Essa discussão sobre mérito e meritocracia está distorcida porque se compara todos os seres humanos entre si. Então, é claro que um Elon Musk, nascido em berço esplêndido, tinha muito mais chance de se tornar bilionário do que um favelado brasileiro. Isso é o óbvio ululante. A meritocracia bem entendida não abdica de considerar as condições iniciais. O “sucesso” de um ser humano é a resultante das condições iniciais mais o mérito pessoal.
O gráfico abaixo ilustra esse ponto, ao relacionar fortuna com condições iniciais.
Se o mérito pessoal não contasse para nada, todos os seres humanos se encontrariam na reta. Ou seja, as condições iniciais responderiam por 100% do sucesso do indivíduo. Mas os exemplos acima, assim como muitos outros em todas as faixas de renda, mostram que não é bem assim: pessoas com aproximadamente as mesmas condições iniciais atingem graus de sucesso completamente diferentes. Um certo retirante que virou presidente da república ilustra a tese.
Os mais céticos dirão que as condições iniciais não se limitam ao berço. Nascemos diferentes e não escolhemos os talentos e os defeitos com que nascemos. Então, Musk ou Zuckerberg nasceram com um talento especial para negócios, não tendo mérito nenhum nisso. Essa tese nos leva longe, pois nega o papel da liberdade humana. Seríamos robôs programados para o sucesso ou o fracasso e o mérito pessoal, aí sim, seria uma ilusão. Bem, para aqueles que acreditam que o mundo é aleatório assim, não tenho muito a dizer, a não ser boa sorte.
A meritocracia não exclui, de maneira alguma, uma discussão séria sobre nivelamento de condições iniciais. Quantos talentos não se perdem porque estão sob os escombros de uma vida muito difícil no nascimento? Muitos dos ataques ao conceito de meritocracia têm essa preocupação de fundo, o que é legítimo. No entanto, um mundo sem a valorização do mérito seria um mundo em que aqueles com talentos especiais não se sentiriam motivados a colocar seus talentos a serviço da humanidade. É a premiação do mérito pessoal que faz com que a humanidade progrida. São os melhores dentre nós que puxam a humanidade para cima. Procurar ser o melhor dentro das suas condições iniciais é o que chamamos de meritocracia.

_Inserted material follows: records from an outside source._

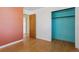 Bedroom with hardwood floors, a light orange accent wall, and an open closet at 1742 S Forest St, Denver, CO 80222
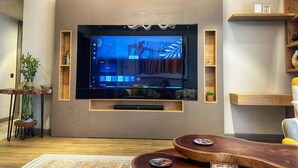 A modern living room with a large flat-screen TV mounted on a wooden wall, a small side table with a plant, and a round wooden coffee table with remote controls. - Charming 1-bedroom condo at The Diamond In City, Cantonments Accra. Luxe-Modern (Accra)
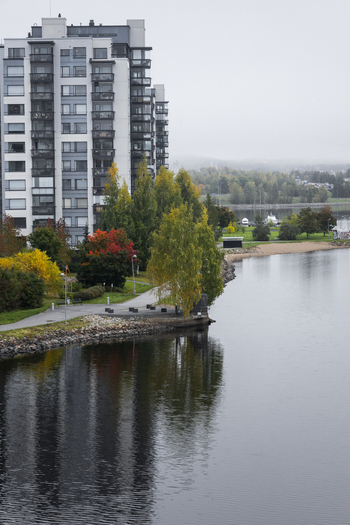 View of a modern apartment building situated along the calm shoreline of a lake with vibrant autumn foliage and a paved path in Jyvaskyla Central Finland Finland.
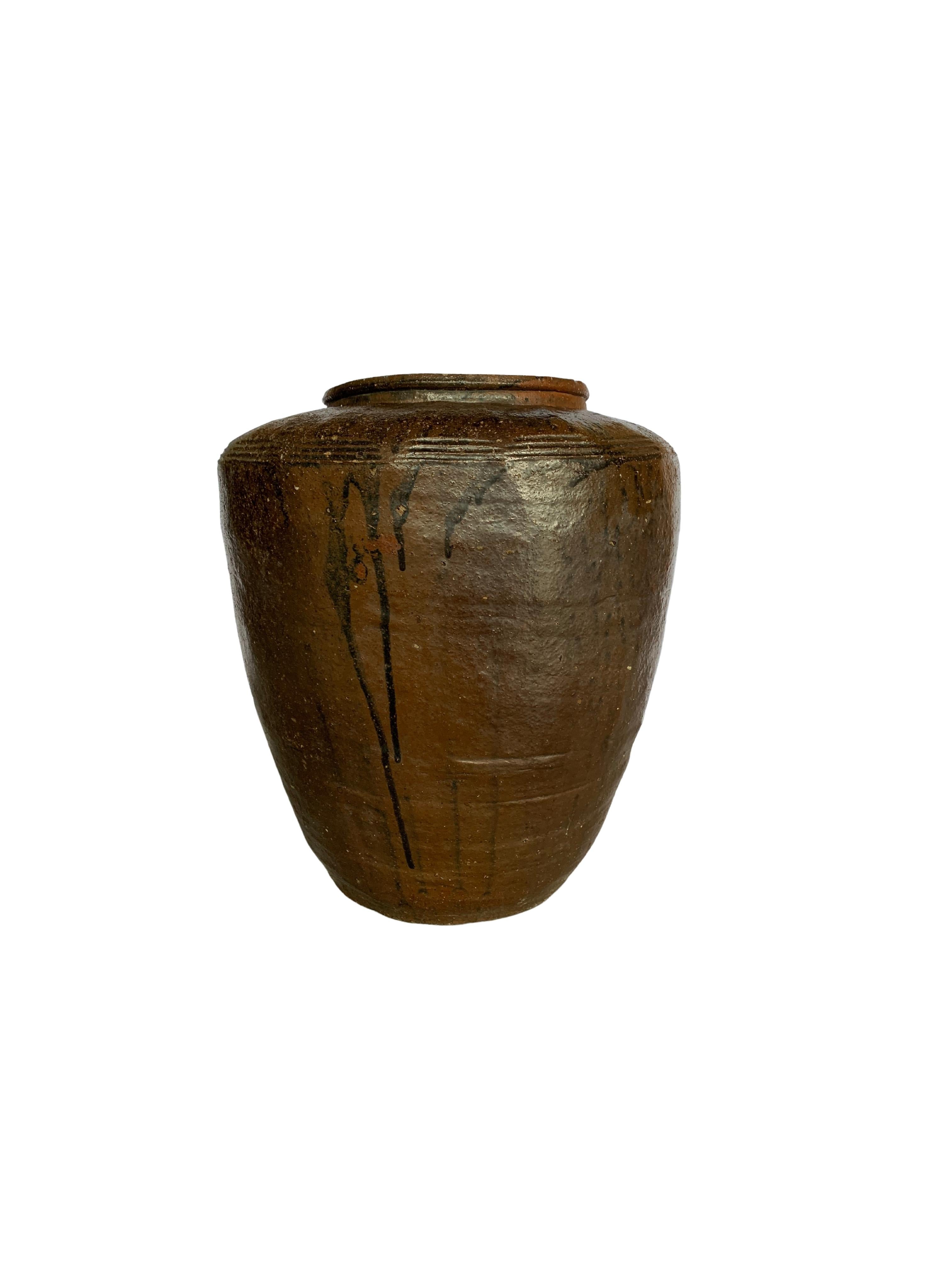 This Antique Jar dating to the early 1900s once served the purpose of crafting salty eggs. The jar features a wonderful brown glaze with some areas of dripping black. There is a ridged pattern finish near to the Jar's rim. The fading and markings to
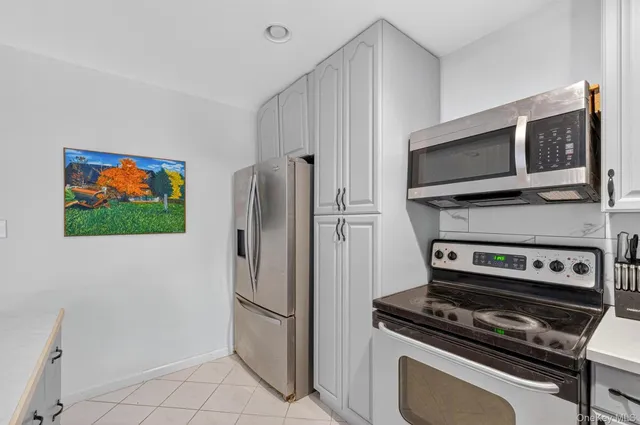 a kitchen with granite countertop a stove and a refrigerator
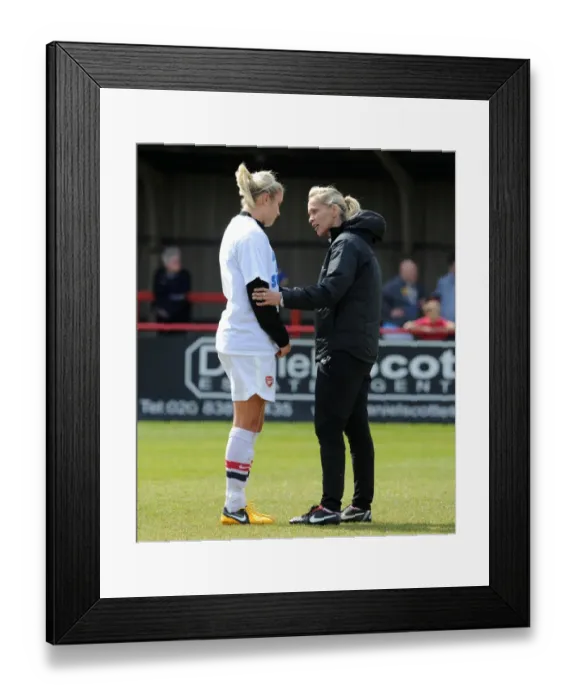 Framed Print : Shelley Kerr and Steph Houghton: Pre-Match Conversation between Arsenal Ladies FC and VfL Wolfsburg in UEFA Women's Champions League Semi-Final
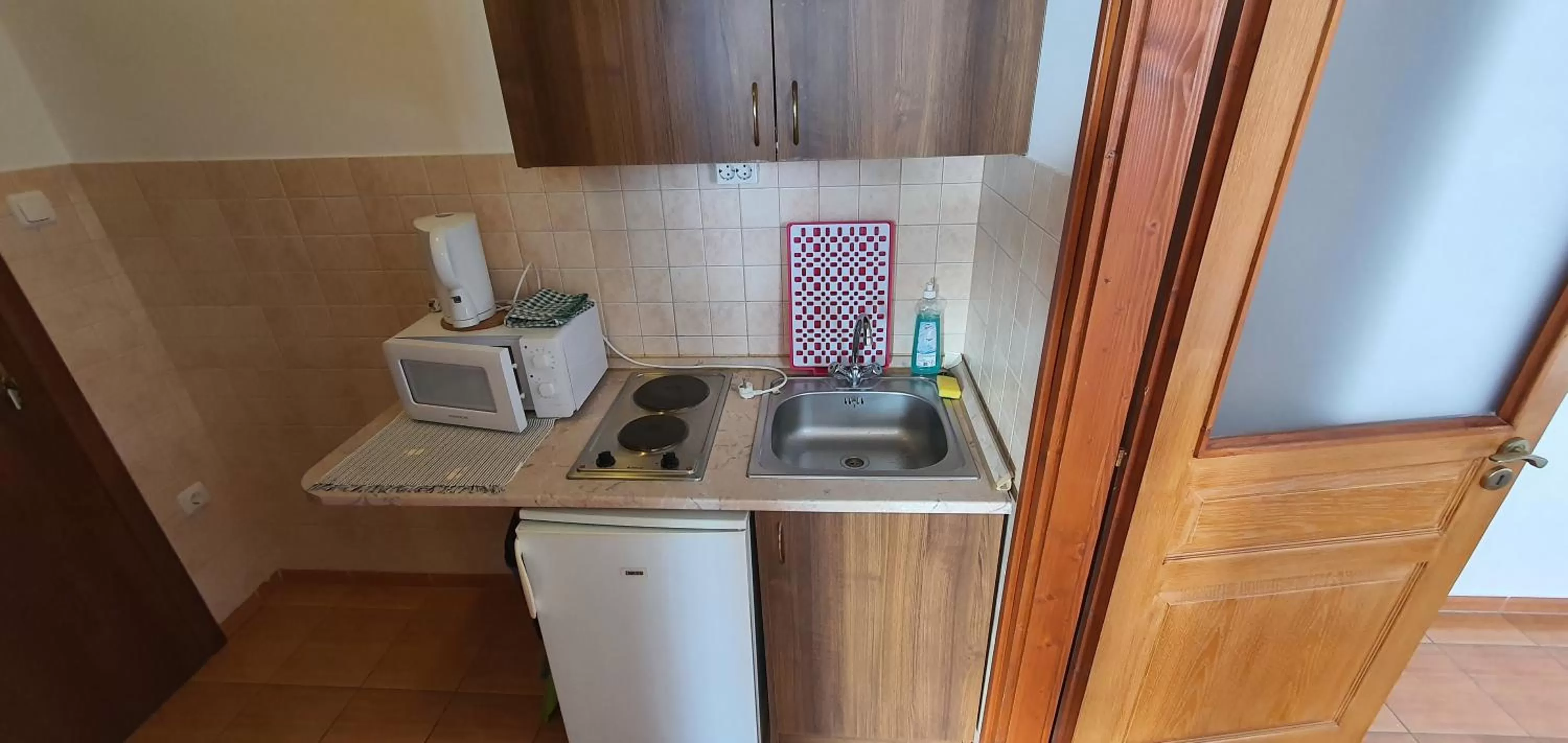 Kitchen/Kitchenette in Aqua Oazis Apartman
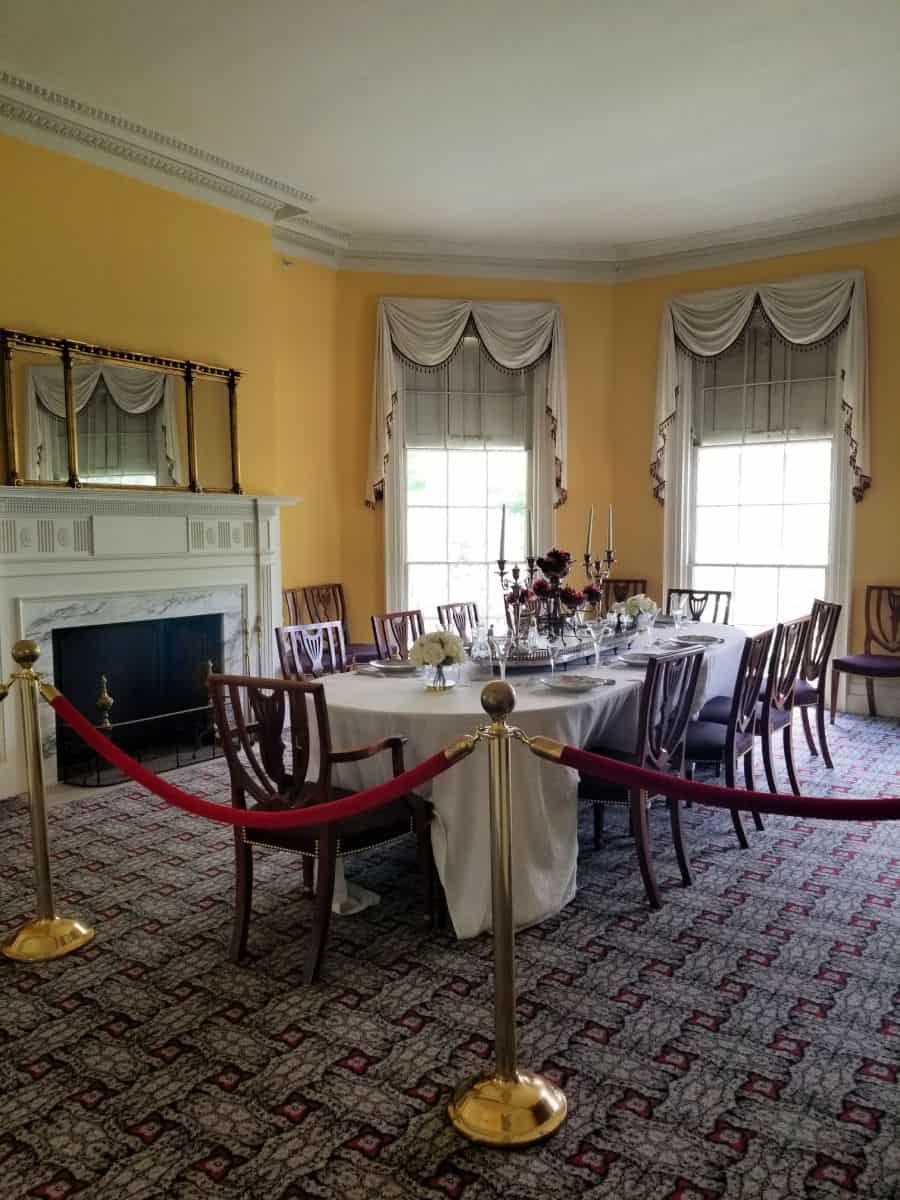 Historic dining room with large table, yellow walls, and dishes
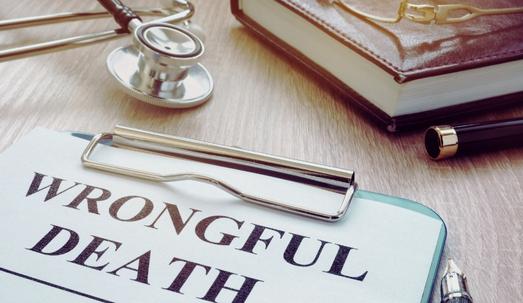 Wrongful death form and stethoscope on a table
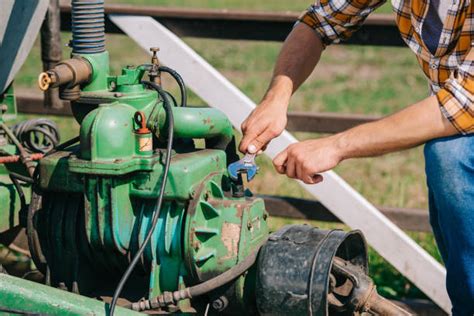 Farm Tractor Maintenance Stock Photos, Pictures & Royalty-Free Images - iStock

Encerro com a mais antiga história de meritocracia que conheço: a parábola dos talentos. Jesus conta de um administrador que, para testar seus três empregados, lhes concede cinco, duas e uma moeda. Os que receberam cinco e duas moedas negociaram e obtiveram outras cinco e duas moedas, dobrando a sua riqueza. Já o que recebeu uma moeda a enterrou. O administrador não ficou pau da vida porque o que recebeu menos tinha menos. Sua irritação derivou do fato de que aquele que havia recebido menos não havia colocado seus poucos talentos para trabalhar. A quantidade inicial de moedas não está sob controle das pessoas, mas o que fazemos com elas, sim. Essa é a definição de meritocracia.